Ericsson’s new in-home 3G router.
Even when they’re at home, people increasingly like to use their connected devices over Wi-Fi and 3G networks for mobile entertainment. “The traditional services are voice, SMS and data connectivity or transport,” said Kittur Nagesh, director of service provider marketing at Cisco Systems Inc. “Now, that’s shifting to a world of mobile Internet services – video, cloud services, UC, social networking.”

“As networks grow, users will be looking for a fully featured broadband experience over the mobile network,” Doug Webster, senior director of strategic communications, service provider marketing at Cisco, told VON. Video will soon make up 60 percent of the traffic on mobile devices, as larger screens and higher resolutions give users new ways to access content.

In its Global Mobile Data Forecast for 2009-2014, Cisco projects annual global mobile data traffic to reach 3.6 exabytes per month – an annual run rate of 40 exabytes – by 2014. That’s a compound annual growth rate of 108 percent. Much of that will be driven by the rapid consumer adoption of smartphones, netbooks, e-readers and Web-ready video cameras. By 2014, more than 400 million of the world’s Internet users will access the network solely through a mobile connection.
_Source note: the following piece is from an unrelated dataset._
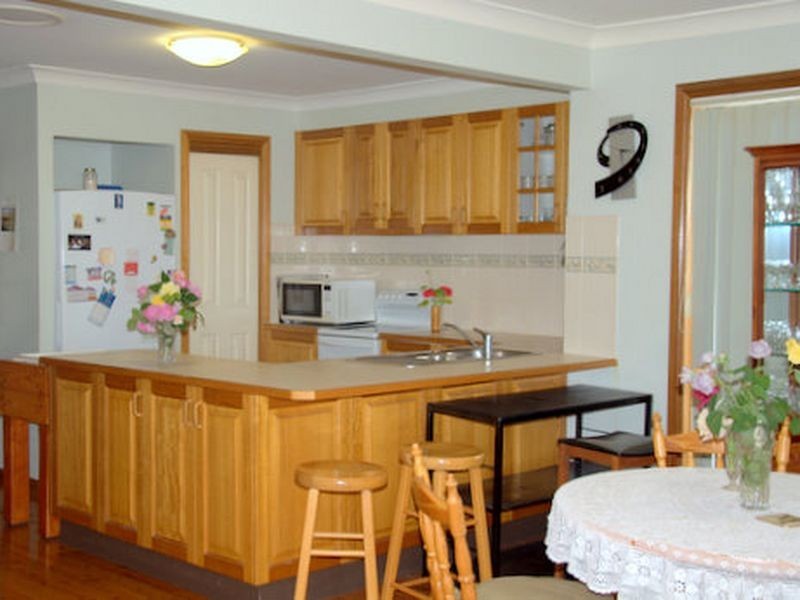 3 Elizabeth Macarthur Avenue, Camden South NSW 2570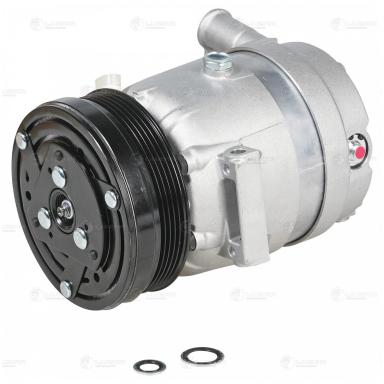 Компрессор кондиционера LCAC 0538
The question, then, is: How can wireless operators generate higher revenues from these trends, in an era of flat-rate data connectivity, where carriers are losing control of the customer relationship? One way to do that is within the most common use case for personal entertainment: in-home activity. Projectors will most likely be used in the residence, after all, not on the subway.

Replacing Home Broadband

T-Mobile USA tried wrestling consumers from LECs with its hotspot@Home dual-mode Wi-Fi-cellular home broadband replacement service. Sprint-Nextel Corp. dabbled in femtocells with the same goal. Neither had much luck. But wireless carriers will soon have a real chance to usurp wired broadband, thanks to faster networks, more embedded 3G and ever-spiraling demand for personalized content that’s accessible anywhere, via personal devices.

Wireless infrastructure giant Ericsson this week announced a strategic launch into the home router market. The Swedish company has teamed with NETGEAR Inc. for a 3G mobile broadband router with internal HSPA radio. It can connect Wi-Fi or 3G devices and provide an uplink to the mobile WAN for Internet access. The new product gives consumers an alternative to cable, DSL or fiber broadband, provides options for locations lacking wired infrastructure, and creates ad hoc networks in RVs, trains, buses and so on.